About this exercise:
Could you restate every line of the data word for word?

########

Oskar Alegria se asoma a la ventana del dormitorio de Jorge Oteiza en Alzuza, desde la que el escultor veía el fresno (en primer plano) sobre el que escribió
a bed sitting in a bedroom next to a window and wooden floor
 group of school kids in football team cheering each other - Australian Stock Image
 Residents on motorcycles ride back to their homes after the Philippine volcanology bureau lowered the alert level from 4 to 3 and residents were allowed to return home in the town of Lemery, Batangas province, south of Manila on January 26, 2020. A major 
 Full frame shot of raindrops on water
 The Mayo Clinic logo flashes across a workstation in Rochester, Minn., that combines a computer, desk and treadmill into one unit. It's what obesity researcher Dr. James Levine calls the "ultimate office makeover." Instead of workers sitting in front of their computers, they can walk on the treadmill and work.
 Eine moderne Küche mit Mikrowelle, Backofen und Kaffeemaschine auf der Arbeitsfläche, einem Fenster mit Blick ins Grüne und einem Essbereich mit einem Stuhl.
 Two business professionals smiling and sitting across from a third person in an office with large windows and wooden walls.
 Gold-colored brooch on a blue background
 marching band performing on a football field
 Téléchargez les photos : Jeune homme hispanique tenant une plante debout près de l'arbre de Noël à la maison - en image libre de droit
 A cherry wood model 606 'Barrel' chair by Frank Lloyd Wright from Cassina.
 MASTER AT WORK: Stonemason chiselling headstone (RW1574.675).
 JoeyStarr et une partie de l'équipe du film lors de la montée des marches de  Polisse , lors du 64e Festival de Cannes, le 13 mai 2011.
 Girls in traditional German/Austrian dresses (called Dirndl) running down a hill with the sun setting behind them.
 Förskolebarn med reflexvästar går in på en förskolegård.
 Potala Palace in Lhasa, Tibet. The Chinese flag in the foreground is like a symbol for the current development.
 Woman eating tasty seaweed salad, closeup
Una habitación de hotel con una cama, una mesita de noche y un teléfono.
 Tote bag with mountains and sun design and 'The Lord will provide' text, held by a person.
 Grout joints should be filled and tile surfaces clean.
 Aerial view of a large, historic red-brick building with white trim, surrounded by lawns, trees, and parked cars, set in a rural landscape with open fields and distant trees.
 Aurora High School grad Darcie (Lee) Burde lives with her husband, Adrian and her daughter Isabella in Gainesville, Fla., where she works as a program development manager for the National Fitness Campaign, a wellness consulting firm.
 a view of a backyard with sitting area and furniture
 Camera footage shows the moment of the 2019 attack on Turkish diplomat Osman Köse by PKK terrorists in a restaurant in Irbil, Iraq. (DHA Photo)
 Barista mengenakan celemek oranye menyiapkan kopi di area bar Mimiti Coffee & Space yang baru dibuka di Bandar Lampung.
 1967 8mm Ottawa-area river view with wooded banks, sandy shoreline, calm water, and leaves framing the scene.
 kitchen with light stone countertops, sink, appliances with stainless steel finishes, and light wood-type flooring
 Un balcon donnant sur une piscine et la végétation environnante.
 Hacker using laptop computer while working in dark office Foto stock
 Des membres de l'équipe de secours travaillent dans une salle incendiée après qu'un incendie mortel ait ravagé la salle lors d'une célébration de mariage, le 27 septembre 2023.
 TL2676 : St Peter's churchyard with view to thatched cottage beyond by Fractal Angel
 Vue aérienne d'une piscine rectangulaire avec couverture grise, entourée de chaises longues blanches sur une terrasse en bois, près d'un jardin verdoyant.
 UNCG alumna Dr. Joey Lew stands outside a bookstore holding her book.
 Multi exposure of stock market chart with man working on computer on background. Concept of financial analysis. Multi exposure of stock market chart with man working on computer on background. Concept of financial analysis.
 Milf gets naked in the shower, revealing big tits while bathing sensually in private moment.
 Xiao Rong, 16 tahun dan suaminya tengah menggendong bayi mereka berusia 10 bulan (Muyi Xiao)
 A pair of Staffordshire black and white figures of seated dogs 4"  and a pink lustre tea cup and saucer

########

Solution for this task:
Oskar Alegria se asoma a la ventana del dormitorio de Jorge Oteiza en Alzuza, desde la que el escultor veía el fresno (en primer plano) sobre el que escribió
a bed sitting in a bedroom next to a window and wooden floor
 group of school kids in football team cheering each other - Australian Stock Image
 Residents on motorcycles ride back to their homes after the Philippine volcanology bureau lowered the alert level from 4 to 3 and residents were allowed to return home in the town of Lemery, Batangas province, south of Manila on January 26, 2020. A major 
 Full frame shot of raindrops on water
 The Mayo Clinic logo flashes across a workstation in Rochester, Minn., that combines a computer, desk and treadmill into one unit. It's what obesity researcher Dr. James Levine calls the "ultimate office makeover." Instead of workers sitting in front of their computers, they can walk on the treadmill and work.
 Eine moderne Küche mit Mikrowelle, Backofen und Kaffeemaschine auf der Arbeitsfläche, einem Fenster mit Blick ins Grüne und einem Essbereich mit einem Stuhl.
 Two business professionals smiling and sitting across from a third person in an office with large windows and wooden walls.
 Gold-colored brooch on a blue background
 marching band performing on a football field
 Téléchargez les photos : Jeune homme hispanique tenant une plante debout près de l'arbre de Noël à la maison - en image libre de droit
 A cherry wood model 606 'Barrel' chair by Frank Lloyd Wright from Cassina.
 MASTER AT WORK: Stonemason chiselling headstone (RW1574.675).
 JoeyStarr et une partie de l'équipe du film lors de la montée des marches de  Polisse , lors du 64e Festival de Cannes, le 13 mai 2011.
 Girls in traditional German/Austrian dresses (called Dirndl) running down a hill with the sun setting behind them.
 Förskolebarn med reflexvästar går in på en förskolegård.
 Potala Palace in Lhasa, Tibet. The Chinese flag in the foreground is like a symbol for the current development.
 Woman eating tasty seaweed salad, closeup
Una habitación de hotel con una cama, una mesita de noche y un teléfono.
 Tote bag with mountains and sun design and 'The Lord will provide' text, held by a person.
 Grout joints should be filled and tile surfaces clean.
 Aerial view of a large, historic red-brick building with white trim, surrounded by lawns, trees, and parked cars, set in a rural landscape with open fields and distant trees.
 Aurora High School grad Darcie (Lee) Burde lives with her husband, Adrian and her daughter Isabella in Gainesville, Fla., where she works as a program development manager for the National Fitness Campaign, a wellness consulting firm.
 a view of a backyard with sitting area and furniture
 Camera footage shows the moment of the 2019 attack on Turkish diplomat Osman Köse by PKK terrorists in a restaurant in Irbil, Iraq. (DHA Photo)
 Barista mengenakan celemek oranye menyiapkan kopi di area bar Mimiti Coffee & Space yang baru dibuka di Bandar Lampung.
 1967 8mm Ottawa-area river view with wooded banks, sandy shoreline, calm water, and leaves framing the scene.
 kitchen with light stone countertops, sink, appliances with stainless steel finishes, and light wood-type flooring
 Un balcon donnant sur une piscine et la végétation environnante.
 Hacker using laptop computer while working in dark office Foto stock
 Des membres de l'équipe de secours travaillent dans une salle incendiée après qu'un incendie mortel ait ravagé la salle lors d'une célébration de mariage, le 27 septembre 2023.
 TL2676 : St Peter's churchyard with view to thatched cottage beyond by Fractal Angel
 Vue aérienne d'une piscine rectangulaire avec couverture grise, entourée de chaises longues blanches sur une terrasse en bois, près d'un jardin verdoyant.
 UNCG alumna Dr. Joey Lew stands outside a bookstore holding her book.
 Multi exposure of stock market chart with man working on computer on background. Concept of financial analysis. Multi exposure of stock market chart with man working on computer on background. Concept of financial analysis.
 Milf gets naked in the shower, revealing big tits while bathing sensually in private moment.
 Xiao Rong, 16 tahun dan suaminya tengah menggendong bayi mereka berusia 10 bulan (Muyi Xiao)
 A pair of Staffordshire black and white figures of seated dogs 4"  and a pink lustre tea cup and saucer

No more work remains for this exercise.